▪ ANGIOSARCOMA
Epidemiology and Pathogenesis
Angiosarcomas are highly malignant vascular tumors with an incidence of approximately 0.01/100,000 affecting primarily adult patients.88 They may occur in different organs but in more than 50 percent localize to the skin of the head and neck regions.89,90 Besides primary tumors, which appear in previously normal skin, angiosarcomas show an increased incidence in skin with chronic lymphedema, most frequently, but not exclusively, after mastectomy with lymph node dissection. This variant is also referred to as Stewart-Treves syndrome91 and was formerly classified as lymphangiosarcoma. A rare variant is postirradiation angiosarcoma, which may develop after radiation therapy for mammary carcinoma.92
Tumor cells of angiosarcoma express to varying degrees differentiation markers of both the lymphatic and vascular endothelial cell lineage.93 Whether common precursor cells (i.e., angioblasts) give rise to the tumor cells remains to be seen. Therefore, the designation angiosarcoma instead of either lymphangiosarcoma or hemangiosarcoma seems appropriate at the moment. In contrast to KS, angiosarcoma is usually negative for HHV-8.
Clinical Manifestations
Initially, primary angiosarcoma of the skin presents as singular or multifocal “bruise”-like patches on the skin, most frequently on the face , scalp, or neck regions.

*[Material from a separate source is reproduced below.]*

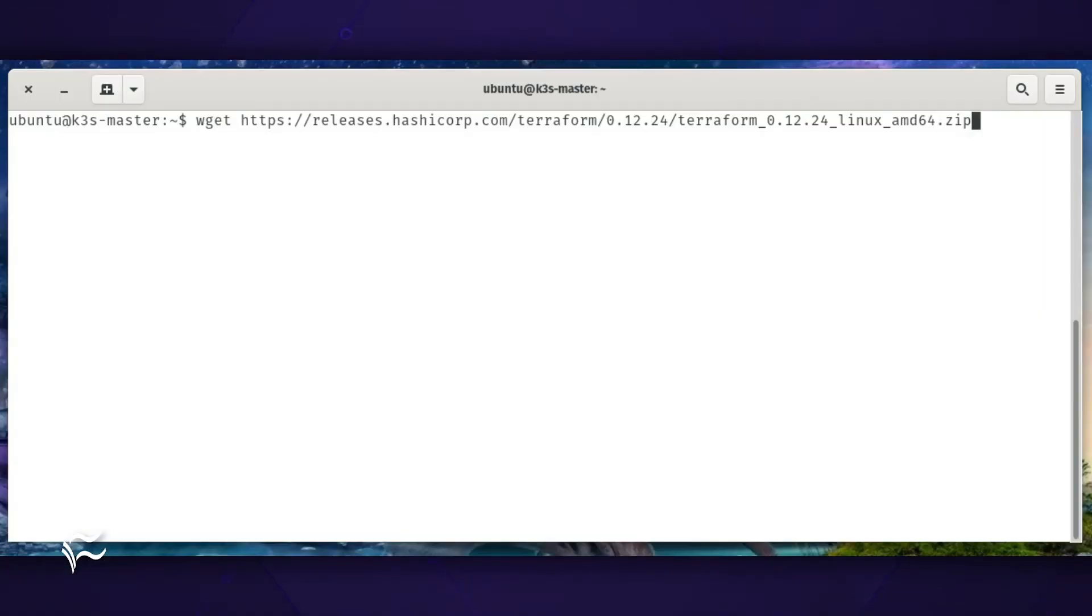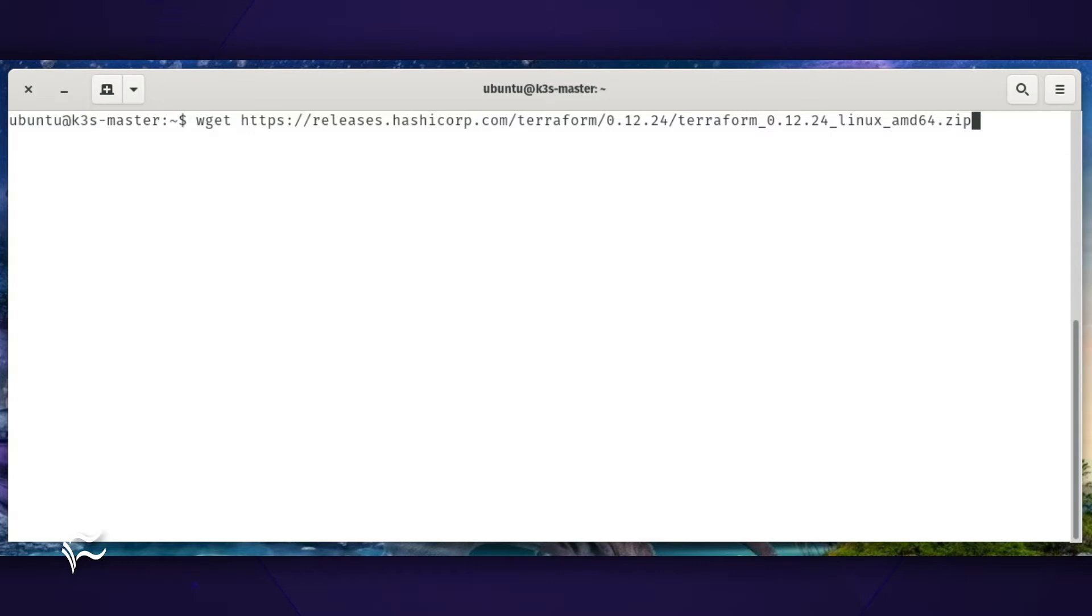The first thing to be done is the installation of Terraform. To do this, we must download the latest version with the command: wget https://releases.hashicorp.com/terraform/0.12.24/terraform_0.12.24_linux_amd64.zip.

In the “head-tilt” maneuver, where the patient lowers the head below the level of the heart, the involved skin becomes deeper red and violaceous and painful throbbing may be felt.94 On progression, the lesions become violaceous and ill-defined spongy nodular tumors appear, which bleed easily. Horizontal spread can lead to the involvement of large skin portions . The tumor
usually progresses along the vascular structures of the neck (see eFig. 128-7.1 in on-line edition) to the mediastinum but distant metastases also occur. Prognosis is poor. Angiosarcoma developing in chronic lymphedema [i.e., Stewart-Treves syndrome (Fig. 128-8) as well as post-irradiation angiosarcoma ] arises as infiltrating hemorrhagic plaques or violaceous nodules accompanied by edema. They are also high-grade malignancies with a poor prognosis.
Differential Diagnoses
Early lesions can be confused with various skin pathologies with vascular involvement including ecchymoses, port-wine stain, rosacea, and early KS. For advanced tumors, pyogenic granuloma, lymphoma, and amelanotic melanoma, cutaneous metastasis of internal malignancies have to be considered.
Hlstopathology
The different clinical variants are indistinguishable histologically and great variability with regard to differentiation of vascular elements can be seen even within individual lesions. Irregular, anastomosing vascular channels lined by endothelial cells with different degrees of atypia and mitotic activity may alternate with areas of closely packed cells with a high mitotic index and sometimes spindle-like morphology . In the latter, less well-differentiated areas and little or no luminal differentiation is present. In particular, in these instances immunostaining for vascular markers such as CD31 and CD34 is helpful for the establishment of the diagnosis.
Treatment
Current treatment is not highly effective with an overall estimated 5-year survival of 15 percent. Due to the rarity of angiosarcomas, comparative therapeutic trials are not available. Treatment of choice for small tumors is excision with wide margins. When surgery is not an option, palliative radiotherapy or chemotherapy should be considered. Both liposomal doxorubicin and paclitaxel were recently demonstrated to be of benefit for patients with widespread disease. Interferon-α, although not effective by itself, holds some promise in combination with either doxorubicin or 13-cis retinoic acid.